Attention Sink

Attention Sinks address a critical issue observed in the use of window attention in autoregressive language models. When window attention is applied, these models often exhibit a sudden decline in fluency as soon as the first token leaves the context window. The underlying reason for this decline lies in an intriguing aspect of LLMs: an overwhelming majority of attention is allocated to the first few tokens of the sequence, termed as "attention sinks." These tokens soak up a disproportionate amount of the attention score—even when they are not semantically relevant.

Why does this happen?

The model relies heavily on these "sink" tokens because the softmax operation in the attention mechanism enforces a sum-to-one constraint. In the absence of relevant tokens to match with the next generated token, the model compensates by dumping attention scores into these first few tokens.
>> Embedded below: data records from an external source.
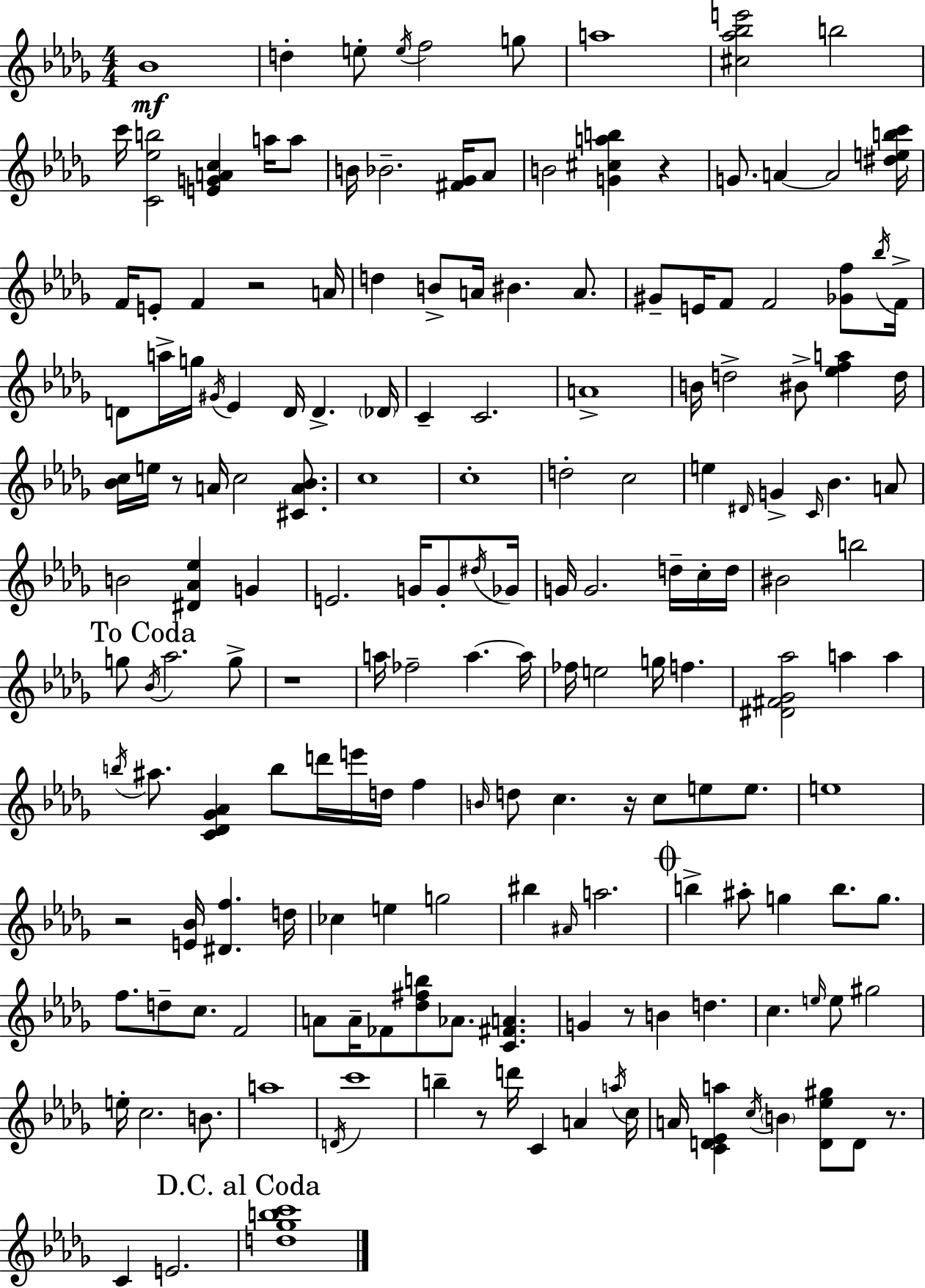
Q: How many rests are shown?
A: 9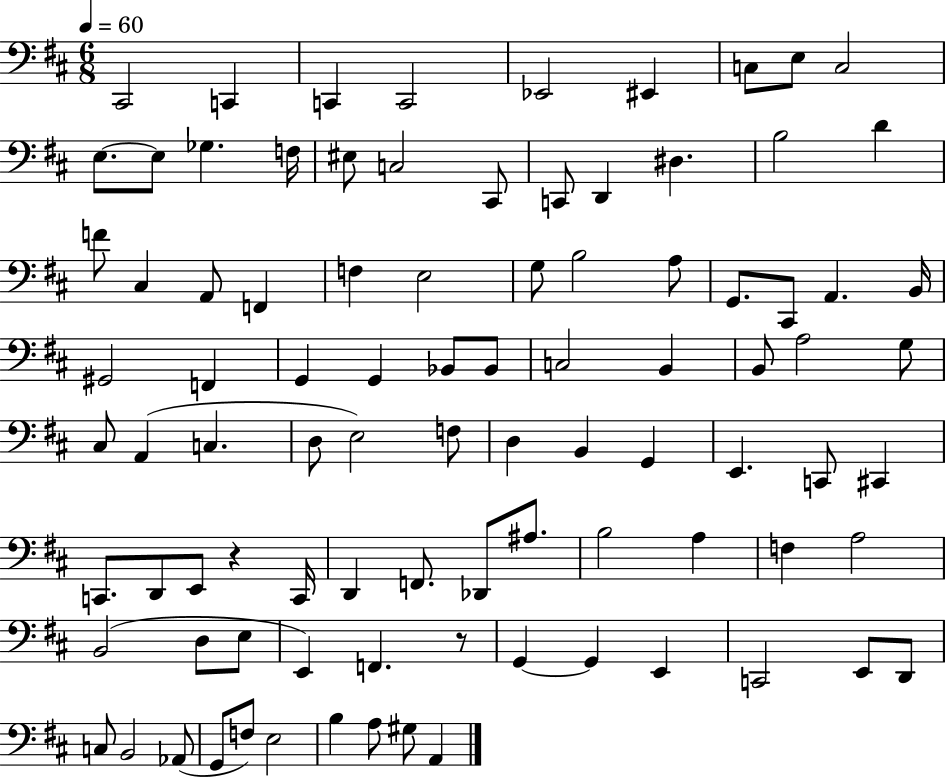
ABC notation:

X:1
T:Untitled
M:6/8
L:1/4
K:D
^C,,2 C,, C,, C,,2 _E,,2 ^E,, C,/2 E,/2 C,2 E,/2 E,/2 _G, F,/4 ^E,/2 C,2 ^C,,/2 C,,/2 D,, ^D, B,2 D F/2 ^C, A,,/2 F,, F, E,2 G,/2 B,2 A,/2 G,,/2 ^C,,/2 A,, B,,/4 ^G,,2 F,, G,, G,, _B,,/2 _B,,/2 C,2 B,, B,,/2 A,2 G,/2 ^C,/2 A,, C, D,/2 E,2 F,/2 D, B,, G,, E,, C,,/2 ^C,, C,,/2 D,,/2 E,,/2 z C,,/4 D,, F,,/2 _D,,/2 ^A,/2 B,2 A, F, A,2 B,,2 D,/2 E,/2 E,, F,, z/2 G,, G,, E,, C,,2 E,,/2 D,,/2 C,/2 B,,2 _A,,/2 G,,/2 F,/2 E,2 B, A,/2 ^G,/2 A,,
When window attention is employed and the first token exits the window, the model loses its default 'sink' to offload the attention. This leads to the attention scores being dispersed across all remaining tokens. Consequently, tokens that should not necessarily have high attention scores end up getting them, causing the model to "collapse" and lose fluency.

The Solution

To mitigate this issue, the authors propose an adaptation to the traditional window attention. The revised model always keeps the initial four tokens—i.e., the attention sink tokens—within the window. Moreover, instead of using positions from the original text, they use the positions within the cache to add positional information to the tokens. This ensures that the "sink" tokens remain spatially close to the rest, effectively serving as attention offloading points.